Indeed, Brown’s rise from the depths of drug addiction to become a Navy Seal Team Six Operator, the same unit that brought down Osama bin Laden shows the tenacity, humility and courage required to earn the badge of a modern day warrior. “Adam’s story shows you can rise above your darkest hour. There is a way out of that dark hole,” Blehm said.

“We were worried,” Brown’s father, Larry said. “When you see how far down people can go with an addiction-under bridges, destitute-I say there but for the grace of God is Adam.”

Touted as “the intimate story of a devoted man who was an unlikely hero but a true warrior described by all who knew him as fearless,” the book appeals to a wide audience.

According to Larry, the story has touched the lives of many. “We are pleased we can see where Adam has impacted people,” he said. “People have told me that after reading the book, they want to be a better father, a better son.” Larry choked up as he recalled a close friend who revealed that he husband was transformed after reading “Fearless.” “It’s gratifying in a way to know that he’s still helping people.”

Blehm said the obstacles Brown had to overcome would have been insurmountable for most people. “He shows amazing character throughout every challenge,” he said.

His determination was legendary, as many friends and family members recount in the book Brown’s dogged attitude to succeed.

“Adam hated to disappoint people,” he said. “Much of his desire to achieve came from wanting to make us proud,” Larry said.

During Brown’s darkest hours, his parents turned to the church for inspiration. “I was raised in a Christian home,” Larry said. “But I knew I had not been faithful, I had not been the spiritual leader of my family.” He and his wife, Janice, became members of a local church and began a journey of faith that has carried them through the tragedy of their son’s death.

Knowing that his son was also a believer gives Larry strength and hope. “Adam came to a realization when he was in jail (prior to joining the military) and he accepted Christ,” Larry said. “I know that we will all be together again one day,” he said. “That faith helps sustain us.”

“He was very concerned with knowing where God was going to lead him.

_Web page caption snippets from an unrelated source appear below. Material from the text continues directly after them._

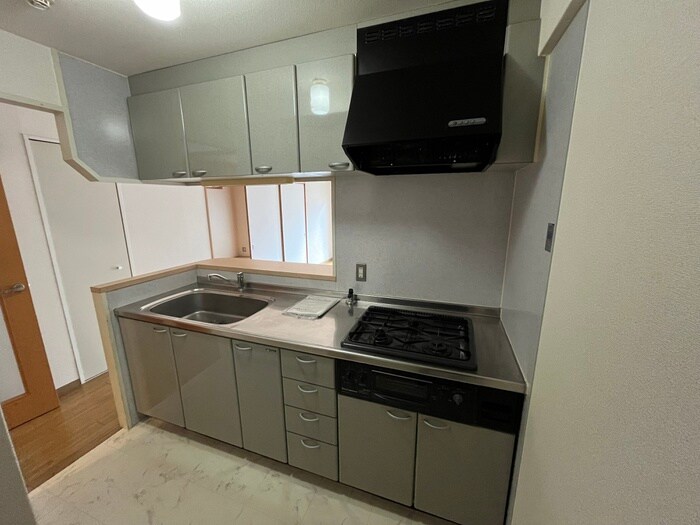 クローバー・サウス江坂の物件内観写真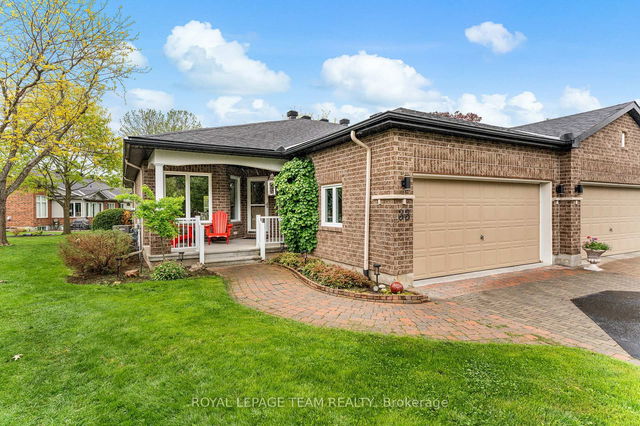 33 Waterthrush Crescent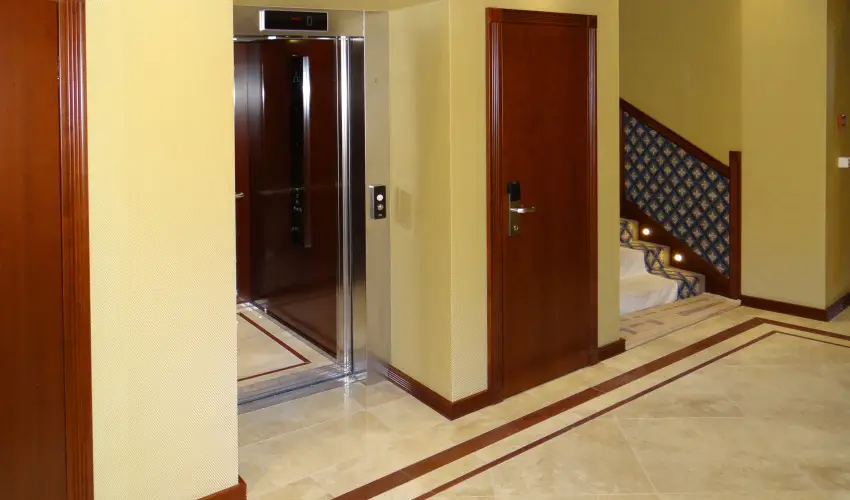 Centrum Hotel Debrecen - Kedvezm�nyes �r csal�dok r�sz�re reggelivel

He wanted to fulfill his purpose in life and to do what God wanted him to do,” Larry recalled.

“That was what our last conversation was about,” Larry said.

One week before his final deployment, Brown told his father it would be his last. “He said he wanted to pray with me about it. He wanted God to show him what he should do next.”

“Adam told me he knew this was where God wanted him to be, even after so many disappointments, he knew there was a purpose,” Larry said.

On March 17, 2010, Brown died during a gunfight with insurgents in the Hindu Kush Mountains of Afghanistan. He left behind his wife, Kelly, and their two young children, who refer to the day of his passing as “St. Daddy’s Day.”